Specify Timezone Formats Consistently Across Site & Sitemaps

February 18, 2020 Source

Google is able to understand different timezone formats, for example, UTC vs GMT. However, it’s important to use one timezone format consistently across a site and its sitemaps to avoid confusing Google.


If a Robots.txt File Returns a Server Error for a Brief Period of Time Google Will Not Crawl Anything From the Site

January 31, 2020 Source

If a robots.txt file returns a server error for a brief period of time Google will not crawl anything from the website until they are able to access it and crawl normally again. During the period of time where they are blocked from reaching the file they would assume all URLs are blocked and would therefore flag this in GSC. You can use the robots.txt request in your server logs to identify where this has occurred by reviewing the response size and code that was returned during each request.


It is Normal for Google to Occassionally Crawl Old URLs

January 31, 2020 Source

Due to their rendering processes, Google will occasionally re-crawl old URLs in order to check their set up. You may see this within your log files, but it is normal and will not cause any problems.


Having a Reasonable Amount of HTML Comments Has No Effect on SEO

January 24, 2020 Source

Comments within the HTML of a page do not have any effect on SEO unless there is a large amount, as they can make it difficult for Google to figure out where the content is and may impact the size and speed of the page. However, John confirmed he has never come across a page where HTML comments have been a problem.


Upper Limit For Recrawling Pages is Six Months

January 22, 2020 Source

Google tends to recrawl pages at least once every six months as an upper limit.


Google is Able to Display Structured Data Results as Soon as the Page Has Been Re-crawled

January 10, 2020 Source

After configuring pages to send structured data to Google, it will be able to display the structured data results the next time it crawls and indexes that page.

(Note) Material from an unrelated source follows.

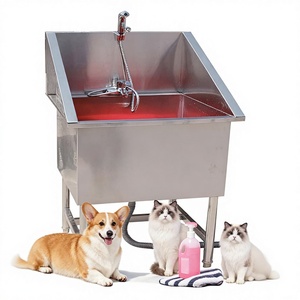Stazione di Lavaggio per Animali Domestici in Acciaio Inox Regolabile e Antiscivolo per Cliniche Veterinarie, Negozi di Toelettatura e Cura Domestica - Product Image 4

Google Still Respects the Meta Robots Unavailable After Directive

January 10, 2020 Source

Google still respects the meta robots unavailable_after directive, this is used to specify a date when a page will no longer be available. John explained that it is likely their systems will recrawl the page around the date specified in order to make sure they are not just removing pages from the index that are still available.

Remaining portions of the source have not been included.